RQ Bio today emerges from stealth mode announcing its launch as a new UK-based biotechnology company. The company, which is headquartered in London, is dedicated to developing treatments and preventative therapies based on potent broad spectrum mAbs to provide instant and long-lasting immunity for vulnerable people at risk of severe disease or death from existing, emerging and new viral infections.

"LifeArc is committed to backing leading UK academics and scientists, and we were inspired to fund RQ Bio because of the exceptional group of founders who are so passionately dedicated to finding new treatments and preventative therapies for viral infections in areas of high unmet patient need," said Clare Terlouw, Head of LifeArc Ventures. "LifeArc provided a wide range of support to help RQ Bio execute on its business plan, including financial backing from our venture team, scientific expertise and access to its world-class laboratory facilities. We look forward to further supporting RQ Bio as it becomes a world-leading infectious disease company."

The RQ Bio executive team is composed of biotech and pharmaceutical industry leaders with proven expertise in end-to-end antibody generation. Key appointments include:

Hugo Fry, CCO at Imbria and former Sanofi Executive, appointed Chief Executive Officer
Mike Westby, co-founder of RQ Bio, CSO of Centauri Therapeutics and former Pfizer R&D Executive, remains a key Scientific Advisor
Paul Kellam, co-founder of RQ Bio, Professor of Virus Genomics at Imperial College London and Vice President of Infectious Diseases & Vaccines at Kymab UK, remains a key Scientific Advisor
Jane Osbourn OBE, co-founder of RQ Bio, CSO of Alchemab and previous Chair of the UK Bioindustry Association (BIA), remains a key Scientific Adviser.
To maximise and accelerate patient impact, the company will continue to be supported by its collaborations with its scientific co-founders, the University of Oxford and leading UK medical research charity LifeArc.
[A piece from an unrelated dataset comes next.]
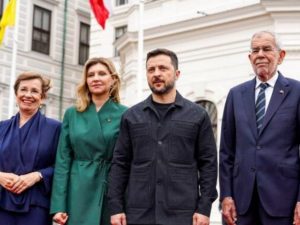 СМИ: Зеленский в Вене оставил жену мокнуть под дождем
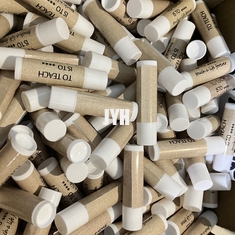 Il balsamo di labbro lenente di SPF 15 delle labbra di Shea Butter To Moisturize Dry personalizza il logo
Professor Gavin Screaton, Head of the Medical Sciences Division at the University of Oxford, will continue to advise in his capacity as scientific and medical co-founder, as will Clare Terlouw, Head of LifeArc Ventures and UK BIA board member, as a member of the Board of Directors.

"Our vision is to build on our successful debut with neutralising antibody therapy for SARS-CoV-2 and develop innovative medicines to address current and evolving unmet needs in other viral infectious diseases," said Hugo Fry, CEO of RQ Bio. "By combining our expertise and innovative excellence in core areas we have created a smarter approach to antibody generation making us uniquely positioned to deliver fast patient impact."